Even in our neighboring Tijuana, the street taquerias and stands advertise the fine cuts like NY Steak and Arrachera.Many of the best stands and taquerias doing tacos grill with coal, wood or mezquite and use blends of fine cuts and regular cuts to make economically sound tacos of high quality.In Sonora, Tacos Jass uses NY, top siroin(palomilla), and diezmillo.In TJ, a taqueria on the eastside of town has a secret blend of several meats over coal, the style and presentatio is uniquely Tijuanense.The meat is grilled and chopped moments before serving.The parrilladas of Mexico and grilled and brought to your table on a brazier or a hot cast iron plate to keep warm, but are cooked on the grill.Sorry ceviche, they can touch the cast iron plate, just shouldn't be cooked on them.They can be served as whole cuts, in pieces, sliced, or chopped roughly for a taco.The cuts:NY steak, arrachera(favorite),cabreria(rib-eye),diezmillo,and palomilla are the most popular.The best versions are the taco, parrilada, and fine cut plate.In general, the more ingredients in the vehicle, the lower the quality of meat used, the American style burrito being the easiest way to serve cheap cuts as the taste comes from the conglomerate fillings.

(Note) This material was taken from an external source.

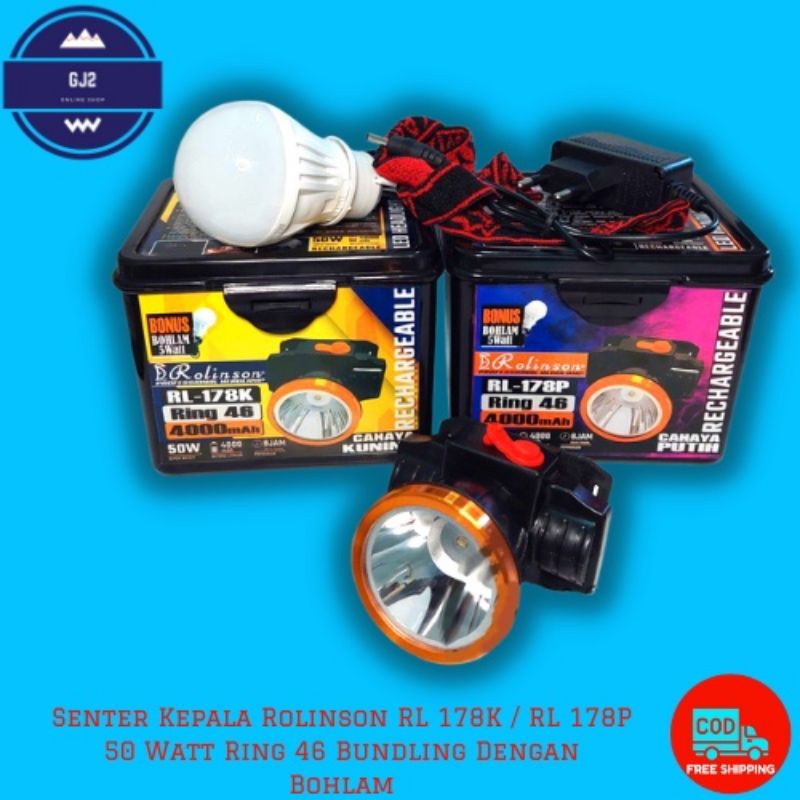 COD Rolinson RL 178K - RL 178P Senter Kepala Led Super Terang 50Watt I Headlamp Outdoor Waterproonus Bf 50W Boholam 5 Watt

The accompaniments are also important: flour tortillas(esp. those light Sonoran tortillas),queso fundido,salsas, a mixed salad with roasted chiles, tripas and costillas(ribs),refried beans sonoran or sinaloan style(infused with pork or chorizo and cheese),grilled onions and jalapenos,escabeche(pickled vegetables and chiles),baked potatoes, quesadillas de trigo,etc.This aesthetic exists throughout Mexico, carne asada isn't a fast food to be trivialized.Yeah, and they even got it right at the Holiday Inn in Mexico.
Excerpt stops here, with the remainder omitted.